- [Required work] Restate all the lines below word for word, but omit the pictures.

═══ Recorded data ═══

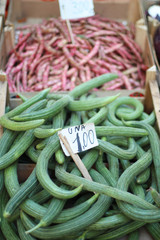Fruits of exotic cucumber and red beans in boxes on the market counter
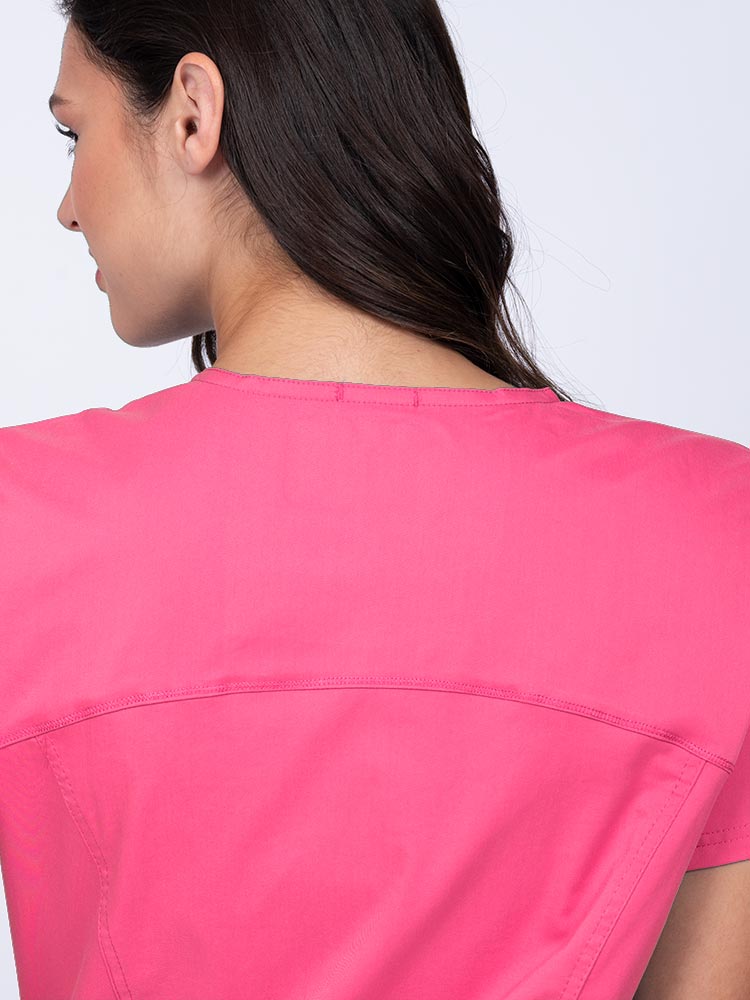Young woman wearing an Epic by MedWorks Women's Knit Collar Mock Wrap Scrub Top in shocking pink with a back yoke to ensure a flattering fit.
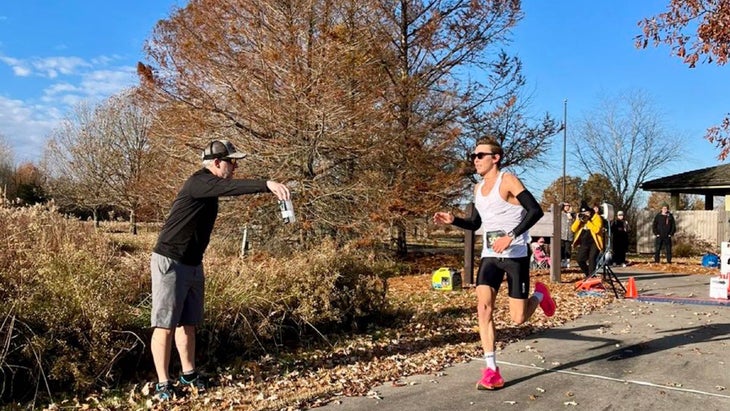 A man in a white shirt runs around a turn and picks up a bottle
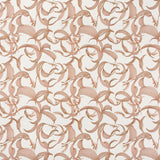 Detail of fabric in an abstract floral print in dusty rose on a cream field.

═══

- [Solution]
Fruits of exotic cucumber and red beans in boxes on the market counter
Young woman wearing an Epic by MedWorks Women's Knit Collar Mock Wrap Scrub Top in shocking pink with a back yoke to ensure a flattering fit.
 A man in a white shirt runs around a turn and picks up a bottle
 Detail of fabric in an abstract floral print in dusty rose on a cream field.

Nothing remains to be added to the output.